The 1700s saw priests exploring India and China. When Kang Hsi and other emperors around the early 1700s wanted to investigate and map out the region beyond the Great Wall, they turned to the priests of the Society of Jesus like Father Ferdinand Verbiest (1623-1688) who mapped out the Russo-Chinese border. The Emperor gave this dedicated priest  – who had taught him math and had also restructured the calendar – permission to fulfill his greatest longing: to travel throughout the empire and propose the Catholic Faith to its peoples.

And all North American Catholics can claim spiritual sonship  to the martyrs Saints Isaac Jogues, Jean de Brébeuf and companions. The Protestant historian, Francis Parkman, wrote of the last hours of  Brébeuf, tortured horrendously by the hands of the Iroquois near Georgian Bay:

“He came of a noble race,- the same, it is said, from which sprang the English Earls of Arundel; but never had the mailed barons of his line confronted a fate so appalling, with so prodigious a constancy. To the last he refused to flinch, and ‘his death was the astonishment of his murderers.’” (FRANCIS PARKMAN, The Jesuits in North America in the Seventeenth Century (Boston, 1910), II, 213-14)

It was the heroic end of a heroic fifteen years spent offering the “pearl beyond all price” of the Catholic Faith to the native Americans.

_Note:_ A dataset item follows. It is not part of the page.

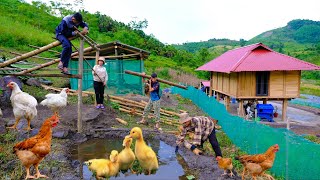 Building a life episode 61 | Prevent water, build hydroelectric power, make duck cages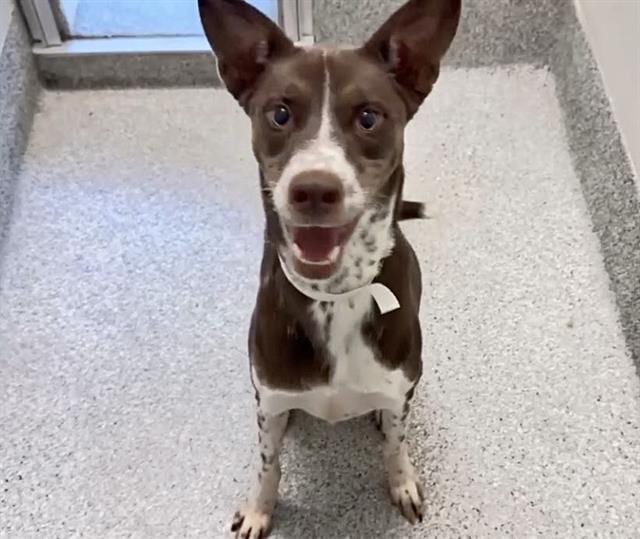 Photo of Charlie, adoptable Labrador Retriever mix in Houston, Texas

In the United States Capitol in Washington DC among the statues of the most eminent sons and daughters of the different states of the U.S.A. you will find more than one Catholic priest. As Pope Leo XIII wrote in “Longinqua”, a letter of 1895 addressed to American Catholics: “The names newly given to so many of your towns and rivers and mountains and lakes teach and clearly witness how deeply your beginnings were marked with the footprints of the Catholic Church”. The Protestant historian, Bancroft, confirmed the statement by asserting ( with a little hyperbole!) that in the exploration of North America, hardly a city  was founded, hardly a river explored or a cape circumnavigated without a Jesuit leading the way! ( Let us not however forget the Franciscans, the Recollects, diocesans and others!).

An examination of the feats of these priests  shows how much they contributed to the formation of the U.S.A. and belies the old myth of  almost exclusive Anglo-Saxon origins to American culture. For instance, in architecture, from Florida to California, Catholic priests gave a style as characteristically American as the colonial design of New England. Their Misiones were the most effective racial-integration establishments of U.S. history; they were the ones who preserved knowledge of the languages and lifestyles of the Indians through their dictionaries, grammars and carefully conserved native handiworks.

The most famous are Fathers Jacques Marquette and Junipero Serra. Other trailblazers include Father Francisco Garces who in 1776 led the first white people to enter Nevada; the same year in Utah saw the Spanish priests Fathers Dominguez and Escalante follow the river flowing through Spanish Fork Canyon which they named Río de Aguas Calientes (“River of Hot Waters”);  Father Gabriel Druillettes ( 1610-1681) the Apostle of Maine;  Father Louis Hennepin (1626-c.1701) who explored the upper Mississippi in 1680 as far north as the location of present-day Minneapolis, brought  Europe’s attention to the Niagara Falls and to the St. Anthony Falls  and while travelling along a 32-mile long strait in the Great Lakes system on the ship Le Griffon pointed to the north shore of what is now Detroit as a suitable place for a settlement.